Mayor's Office of Employee Assistance
When you are caring for an elderly person, particularly one who has great difficulty moving
around, you will sometimes have to transfer him or her from place to place. The person may be
in a wheelchair and need to be transferred to a bed. Or perhaps she or he uses a walker and
needs to be transferred to a car.
Although the specific actions needed will depend on the health conditions and situation at
hand, there are general recommendations for moving physically disabled people. Consult with a
professional to make sure you are using the proper techniques.
When helping a person using a walker into a vehicle, position the person so that their strongest side or strongest foot is the one with which he or she steps first into the car. Always keep eye contact and speak to the person
Maintain eye contact and communicate verbally with the person you will be transferring. This will make the situation more relaxed, preparing
the person for what is to come. It will also give them a chance to communicate any problems or pain. Ask when the person is ready to be moved, and let him or her know what you’ll be doing at each stage.
Follow Proper Lifting Techniques
If the transferal involves lifting, it is
vital for your safety and the safety of the person you’re lifting that you follow proper lifting techniques. Lock the wheels and make sure the pathway is clear. Put your feet 10 to 12
inches apart, with one foot a little ahead of the other.
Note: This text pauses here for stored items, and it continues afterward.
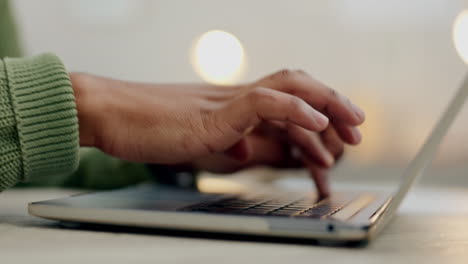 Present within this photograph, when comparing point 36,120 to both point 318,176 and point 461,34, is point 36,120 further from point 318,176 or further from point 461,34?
point 461,34

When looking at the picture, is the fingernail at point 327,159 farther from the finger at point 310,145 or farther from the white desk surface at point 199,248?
the white desk surface at point 199,248

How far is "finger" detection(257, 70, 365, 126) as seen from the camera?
63cm

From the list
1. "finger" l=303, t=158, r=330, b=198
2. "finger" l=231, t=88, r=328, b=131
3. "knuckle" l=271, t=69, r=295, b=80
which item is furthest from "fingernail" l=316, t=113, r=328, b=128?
"finger" l=303, t=158, r=330, b=198

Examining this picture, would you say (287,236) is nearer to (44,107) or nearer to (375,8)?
(44,107)

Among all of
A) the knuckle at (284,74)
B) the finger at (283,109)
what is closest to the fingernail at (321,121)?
the finger at (283,109)

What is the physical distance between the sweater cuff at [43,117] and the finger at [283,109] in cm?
18

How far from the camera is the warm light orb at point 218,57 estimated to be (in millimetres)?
1376

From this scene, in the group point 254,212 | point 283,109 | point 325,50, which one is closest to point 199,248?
point 254,212

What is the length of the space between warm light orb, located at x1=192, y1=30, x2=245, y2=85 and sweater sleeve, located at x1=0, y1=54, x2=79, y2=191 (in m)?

Bend your knees, placing more weight on your front foot. Grasp the person, wrapping
your arms around his or her body under his or her arms. As you stand, keep your upper body straight, and when carrying the person, keep him
or her close to your body, near your waist. When turning, move your feet; do not twist your back. Lower the person at the proper destination,
bending your knees and keeping your upper body straight.
Use the Person’s Strengths and Abilities
If the person you’re transferring is not completely immobile, your role will be to work with the elder’s ability to transfer him or herself. If you don’t know already, ask which part
of their body is strongest or most able, and then help the person use this to their advantage. For instance, when moving a walker-bound person
from a standing position to a seated position in a car, you can position the walker in such a way
that the person’s strong side or strong foot is the one with which he or she steps first into the car. This procedure can also be useful when
moving a person from a seated or standing position into a wheelchair.